**Task directions**
Copy the data exactly from the line that contains "Cáo bệnh, bảo mọi người – Mãn Giác" through the line that contains "Perjalanan Menuju PT", keeping both end lines and leaving out everything else.

:::

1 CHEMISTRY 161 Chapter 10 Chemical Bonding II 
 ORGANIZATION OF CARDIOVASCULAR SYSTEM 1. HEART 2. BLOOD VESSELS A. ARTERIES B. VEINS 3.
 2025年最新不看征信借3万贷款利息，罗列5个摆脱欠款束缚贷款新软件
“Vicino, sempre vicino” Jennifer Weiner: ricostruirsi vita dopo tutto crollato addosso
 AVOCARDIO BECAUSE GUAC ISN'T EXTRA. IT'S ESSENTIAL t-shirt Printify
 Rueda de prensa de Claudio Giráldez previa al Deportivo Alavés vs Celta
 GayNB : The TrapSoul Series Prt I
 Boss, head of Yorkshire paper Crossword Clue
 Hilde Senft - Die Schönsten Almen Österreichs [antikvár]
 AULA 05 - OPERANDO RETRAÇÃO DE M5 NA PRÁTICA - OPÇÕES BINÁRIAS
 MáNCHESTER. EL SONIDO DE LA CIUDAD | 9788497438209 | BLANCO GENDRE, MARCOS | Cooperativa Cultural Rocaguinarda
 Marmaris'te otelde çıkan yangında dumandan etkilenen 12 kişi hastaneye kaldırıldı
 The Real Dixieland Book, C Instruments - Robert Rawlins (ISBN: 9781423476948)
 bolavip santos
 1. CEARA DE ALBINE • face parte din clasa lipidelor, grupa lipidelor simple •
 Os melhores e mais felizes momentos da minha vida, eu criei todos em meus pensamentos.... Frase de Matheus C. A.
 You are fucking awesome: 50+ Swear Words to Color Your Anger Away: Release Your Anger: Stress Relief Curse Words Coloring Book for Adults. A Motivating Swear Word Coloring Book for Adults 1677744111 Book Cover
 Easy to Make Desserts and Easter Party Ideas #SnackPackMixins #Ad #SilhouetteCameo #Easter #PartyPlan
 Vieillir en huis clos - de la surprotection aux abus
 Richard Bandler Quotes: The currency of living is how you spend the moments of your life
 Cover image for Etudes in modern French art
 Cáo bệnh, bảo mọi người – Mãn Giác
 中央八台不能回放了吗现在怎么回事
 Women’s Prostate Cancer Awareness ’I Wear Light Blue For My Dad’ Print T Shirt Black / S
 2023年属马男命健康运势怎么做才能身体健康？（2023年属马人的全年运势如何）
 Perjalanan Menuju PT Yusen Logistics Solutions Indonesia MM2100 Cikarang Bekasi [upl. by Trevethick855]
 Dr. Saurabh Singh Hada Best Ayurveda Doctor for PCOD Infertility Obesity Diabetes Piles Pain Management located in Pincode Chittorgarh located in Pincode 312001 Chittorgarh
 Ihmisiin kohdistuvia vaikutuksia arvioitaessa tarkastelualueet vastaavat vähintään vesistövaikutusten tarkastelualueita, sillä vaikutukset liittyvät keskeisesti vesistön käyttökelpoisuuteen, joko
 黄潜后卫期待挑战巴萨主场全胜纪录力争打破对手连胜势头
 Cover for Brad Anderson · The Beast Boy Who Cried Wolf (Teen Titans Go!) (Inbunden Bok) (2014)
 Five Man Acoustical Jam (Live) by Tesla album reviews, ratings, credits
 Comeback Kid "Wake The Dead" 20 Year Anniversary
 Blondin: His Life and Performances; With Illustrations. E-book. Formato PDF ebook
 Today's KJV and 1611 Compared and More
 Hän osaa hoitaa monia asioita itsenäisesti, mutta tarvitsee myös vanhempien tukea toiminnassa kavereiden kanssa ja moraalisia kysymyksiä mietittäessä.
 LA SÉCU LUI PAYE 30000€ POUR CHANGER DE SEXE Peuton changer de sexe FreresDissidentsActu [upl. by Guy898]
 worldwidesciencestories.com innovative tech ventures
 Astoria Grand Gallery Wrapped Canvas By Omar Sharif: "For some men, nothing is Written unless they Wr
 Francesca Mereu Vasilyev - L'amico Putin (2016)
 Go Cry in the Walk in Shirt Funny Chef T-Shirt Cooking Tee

:::

**Completed exercise**
 Cáo bệnh, bảo mọi người – Mãn Giác
 中央八台不能回放了吗现在怎么回事
 Women’s Prostate Cancer Awareness ’I Wear Light Blue For My Dad’ Print T Shirt Black / S
 2023年属马男命健康运势怎么做才能身体健康？（2023年属马人的全年运势如何）
 Perjalanan Menuju PT Yusen Logistics Solutions Indonesia MM2100 Cikarang Bekasi [upl. by Trevethick855]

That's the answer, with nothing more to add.